The Interview is powerful, captivating, and thought provoking. As followers of Jesus we are in a Spiritual War whether we are conscious of it or not. The Interview is an allegory that brings to light the battle we are in and exposes the tactics of the enemy. The main character Sarah is confronted by her past that is full of pain and abuse. Through an unexpected encounter Sarah discovers that she no longer has to let her past define her but has the choice to accept love and forgiveness. However, only she can make the choice to stay in the past or live in the truth of who God created her to be. The Interview is well written and the author keeps the reader engaged and it doesn’t disappoint.

J. Chambers

I don't read a lot of Christian fiction, preferring nonfiction most of the time, but the storyline piqued my interest with its reference to C.S. Lewis's The Screwtape Letters. But unlike The Screwtape Letters, which is satirical and quite humorous at times, author Donna Lane's story is about a troubled young lady journalist who's presented with the opportunity of a lifetime - to interview an all-powerful but shadowy business magnate who's never allowed an interview before. But Sarah Jacobson brought a lot of emotional baggage to the interview, unable to forget the horrors of her turbulent childhood, with an abusive, psychotic father and a mother who turned a blind eye to his brutality. Somehow the man she's interviewing seemed to know about her past, but that's impossible. Or is it?

As the interview progressed, Sarah gradually realized that she was the one being interviewed, and that the man across the table was a narcissistic, angry individual whose rage boiled just under the surface behind a misleadingly pleasant façade. Two other characters were introduced during the interview: a weasely looking fellow who worked for the big man, and Josh, the quiet caterer who befriended Sarah.

I can't say much more about the book without revealing spoilers, but suffice to say that it's a very engaging allegorical story about good confronting evil, and resisting the temptations of Satan. The story is told as a first person threaded narrative with Sarah's childhood and early years as a backstory told in flashbacks.
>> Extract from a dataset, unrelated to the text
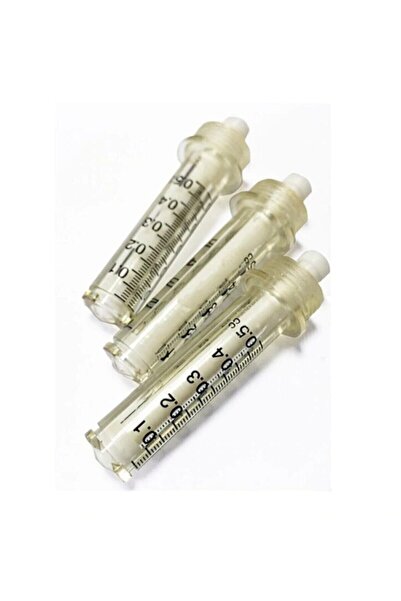 Stavye Hyaluron Pen 0.5ml 5 Adet Iğnesiz Başlık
One last thing: when I read fiction, I often try to imagine who would play the various characters in the movie version. For the powerful man being interviewed, I see Jeremy Irons as he played Claus von Bülow in Reversal of Fortune. I can also see Christopher Plummer in the role. For journalist Sarah Jacobson, it's either Holly Hunter or Scarlett Johansson, take your pick. For Josh, I would go with Edward Norton, and for Weasel, it's longtime character actor Steve Buscemi. (All actors assumed to be in their prime.)

Debbi Baker

I really enjoy stories told through allegory and this one did not disappoint. The story is compelling and stirs your compassion and sense of wonder, while stimulating your thoughts. I'm glad to have read it! I was engaged by this contemporary telling as I was through the The Screwtape Letters. The Interview story is very practical and revealing, in that it shows the tactics our enemy uses against us. When you see the tricks and traps employed by characters in the stories, you may just see the similarity to those used against you in your own life and learn to resist the temptations to align with our adversary to our own harm. Fore warned is fore armed. Another character, the Caterer, shows a different perspective and how powerful a position it is when we live our freedom through choice. He is charming and invites us to choose to love deeply and in so doing enjoy life.

W. Flaherty

A riveting, spiritual game of Tug-of-War. How can you go from an embedded fear of past experiences confidently into the future? One of the ways to get strong again is to be set free. ~Sarah is a courageous warrior.

Cindy Peralta

Brilliant in the manner of C. S. Lewis. The Interview is so well written, so clever and so insightful into the lies of Satan, and the fruit of those lies in humanity. Followed by the hope of redemption and love through truth.

Takashi Todoroki

I loved this book, it has helped me in my own spiritual path so much. I hope the author writes more so I can continue to learn from and connect with the characters.

Melanie Flora

Quite a page turner! Full of intrigue...held my interest throughout. I highly recommend this book!